» **TASK BRIEF**
Of the lines listed below, return exactly those that run from the line containing "Schwebendes Zirbenbett Modell" through the line containing "Scarlett, 30, a", both included.
DATA SUPPLIED section start
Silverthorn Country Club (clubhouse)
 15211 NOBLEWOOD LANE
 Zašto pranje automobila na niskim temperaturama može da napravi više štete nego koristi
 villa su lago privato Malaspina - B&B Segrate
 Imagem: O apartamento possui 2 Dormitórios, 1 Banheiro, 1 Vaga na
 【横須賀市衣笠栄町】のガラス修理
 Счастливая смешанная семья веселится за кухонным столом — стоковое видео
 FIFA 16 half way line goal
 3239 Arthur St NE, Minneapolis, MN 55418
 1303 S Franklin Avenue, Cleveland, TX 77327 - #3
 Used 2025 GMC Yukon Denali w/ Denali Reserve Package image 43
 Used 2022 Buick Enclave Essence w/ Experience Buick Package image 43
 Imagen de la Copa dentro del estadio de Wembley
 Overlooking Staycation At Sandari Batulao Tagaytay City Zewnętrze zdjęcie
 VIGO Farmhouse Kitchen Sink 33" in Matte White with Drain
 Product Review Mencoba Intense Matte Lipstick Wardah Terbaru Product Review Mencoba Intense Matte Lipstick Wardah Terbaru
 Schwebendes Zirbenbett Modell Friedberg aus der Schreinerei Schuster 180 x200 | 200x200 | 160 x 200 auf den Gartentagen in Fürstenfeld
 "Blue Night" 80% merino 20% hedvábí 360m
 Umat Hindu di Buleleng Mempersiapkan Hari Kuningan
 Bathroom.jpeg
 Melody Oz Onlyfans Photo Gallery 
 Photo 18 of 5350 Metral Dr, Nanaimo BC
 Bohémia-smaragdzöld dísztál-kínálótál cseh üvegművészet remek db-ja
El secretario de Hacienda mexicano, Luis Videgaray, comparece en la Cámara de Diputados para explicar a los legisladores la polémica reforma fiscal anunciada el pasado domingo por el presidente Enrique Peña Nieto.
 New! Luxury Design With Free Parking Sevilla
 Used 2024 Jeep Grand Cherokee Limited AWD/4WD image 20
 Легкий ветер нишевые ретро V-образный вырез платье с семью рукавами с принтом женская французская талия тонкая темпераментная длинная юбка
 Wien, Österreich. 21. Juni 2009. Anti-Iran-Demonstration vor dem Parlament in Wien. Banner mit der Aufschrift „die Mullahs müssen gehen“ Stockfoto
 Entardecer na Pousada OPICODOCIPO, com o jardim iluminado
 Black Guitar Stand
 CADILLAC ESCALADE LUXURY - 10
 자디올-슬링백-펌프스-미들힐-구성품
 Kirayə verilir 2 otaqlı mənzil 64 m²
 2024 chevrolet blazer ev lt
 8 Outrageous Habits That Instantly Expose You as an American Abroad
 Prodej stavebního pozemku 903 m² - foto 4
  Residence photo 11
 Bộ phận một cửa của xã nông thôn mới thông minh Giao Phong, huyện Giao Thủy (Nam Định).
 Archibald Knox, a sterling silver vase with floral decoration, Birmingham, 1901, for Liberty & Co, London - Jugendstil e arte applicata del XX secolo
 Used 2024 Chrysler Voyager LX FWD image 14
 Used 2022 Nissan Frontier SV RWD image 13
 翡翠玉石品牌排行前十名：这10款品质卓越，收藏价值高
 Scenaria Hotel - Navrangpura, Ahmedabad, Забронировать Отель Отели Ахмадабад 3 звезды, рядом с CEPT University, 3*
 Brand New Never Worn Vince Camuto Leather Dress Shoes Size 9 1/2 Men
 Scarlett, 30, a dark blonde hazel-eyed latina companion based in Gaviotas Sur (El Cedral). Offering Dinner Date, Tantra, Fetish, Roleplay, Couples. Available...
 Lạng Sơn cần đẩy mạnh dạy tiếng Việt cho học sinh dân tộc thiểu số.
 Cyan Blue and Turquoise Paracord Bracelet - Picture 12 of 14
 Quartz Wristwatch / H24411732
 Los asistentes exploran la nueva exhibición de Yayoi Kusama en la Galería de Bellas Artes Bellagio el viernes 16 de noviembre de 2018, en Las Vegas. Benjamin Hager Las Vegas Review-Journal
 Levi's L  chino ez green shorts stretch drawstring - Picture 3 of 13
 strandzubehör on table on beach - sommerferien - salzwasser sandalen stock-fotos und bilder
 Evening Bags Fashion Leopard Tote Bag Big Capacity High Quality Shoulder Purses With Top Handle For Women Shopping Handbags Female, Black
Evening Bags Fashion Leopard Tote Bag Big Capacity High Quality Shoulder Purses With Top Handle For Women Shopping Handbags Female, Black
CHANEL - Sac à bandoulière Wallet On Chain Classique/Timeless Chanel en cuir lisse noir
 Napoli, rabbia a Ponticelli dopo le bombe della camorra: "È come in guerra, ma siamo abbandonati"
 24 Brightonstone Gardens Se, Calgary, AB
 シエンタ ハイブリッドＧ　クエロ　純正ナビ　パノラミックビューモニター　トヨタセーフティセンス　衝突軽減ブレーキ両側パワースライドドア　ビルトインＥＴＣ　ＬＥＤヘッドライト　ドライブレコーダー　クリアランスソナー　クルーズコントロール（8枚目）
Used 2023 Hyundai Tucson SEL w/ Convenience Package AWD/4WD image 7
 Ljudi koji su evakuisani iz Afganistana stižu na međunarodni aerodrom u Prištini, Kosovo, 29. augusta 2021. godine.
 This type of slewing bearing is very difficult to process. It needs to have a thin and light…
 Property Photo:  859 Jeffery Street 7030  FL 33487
DATA SUPPLIED section end
» **WRITTEN RESPONSE**
 Schwebendes Zirbenbett Modell Friedberg aus der Schreinerei Schuster 180 x200 | 200x200 | 160 x 200 auf den Gartentagen in Fürstenfeld
 "Blue Night" 80% merino 20% hedvábí 360m
 Umat Hindu di Buleleng Mempersiapkan Hari Kuningan
 Bathroom.jpeg
 Melody Oz Onlyfans Photo Gallery 
 Photo 18 of 5350 Metral Dr, Nanaimo BC
 Bohémia-smaragdzöld dísztál-kínálótál cseh üvegművészet remek db-ja
El secretario de Hacienda mexicano, Luis Videgaray, comparece en la Cámara de Diputados para explicar a los legisladores la polémica reforma fiscal anunciada el pasado domingo por el presidente Enrique Peña Nieto.
 New! Luxury Design With Free Parking Sevilla
 Used 2024 Jeep Grand Cherokee Limited AWD/4WD image 20
 Легкий ветер нишевые ретро V-образный вырез платье с семью рукавами с принтом женская французская талия тонкая темпераментная длинная юбка
 Wien, Österreich. 21. Juni 2009. Anti-Iran-Demonstration vor dem Parlament in Wien. Banner mit der Aufschrift „die Mullahs müssen gehen“ Stockfoto
 Entardecer na Pousada OPICODOCIPO, com o jardim iluminado
 Black Guitar Stand
 CADILLAC ESCALADE LUXURY - 10
 자디올-슬링백-펌프스-미들힐-구성품
 Kirayə verilir 2 otaqlı mənzil 64 m²
 2024 chevrolet blazer ev lt
 8 Outrageous Habits That Instantly Expose You as an American Abroad
 Prodej stavebního pozemku 903 m² - foto 4
  Residence photo 11
 Bộ phận một cửa của xã nông thôn mới thông minh Giao Phong, huyện Giao Thủy (Nam Định).
 Archibald Knox, a sterling silver vase with floral decoration, Birmingham, 1901, for Liberty & Co, London - Jugendstil e arte applicata del XX secolo
 Used 2024 Chrysler Voyager LX FWD image 14
 Used 2022 Nissan Frontier SV RWD image 13
 翡翠玉石品牌排行前十名：这10款品质卓越，收藏价值高
 Scenaria Hotel - Navrangpura, Ahmedabad, Забронировать Отель Отели Ахмадабад 3 звезды, рядом с CEPT University, 3*
 Brand New Never Worn Vince Camuto Leather Dress Shoes Size 9 1/2 Men
 Scarlett, 30, a dark blonde hazel-eyed latina companion based in Gaviotas Sur (El Cedral). Offering Dinner Date, Tantra, Fetish, Roleplay, Couples. Available...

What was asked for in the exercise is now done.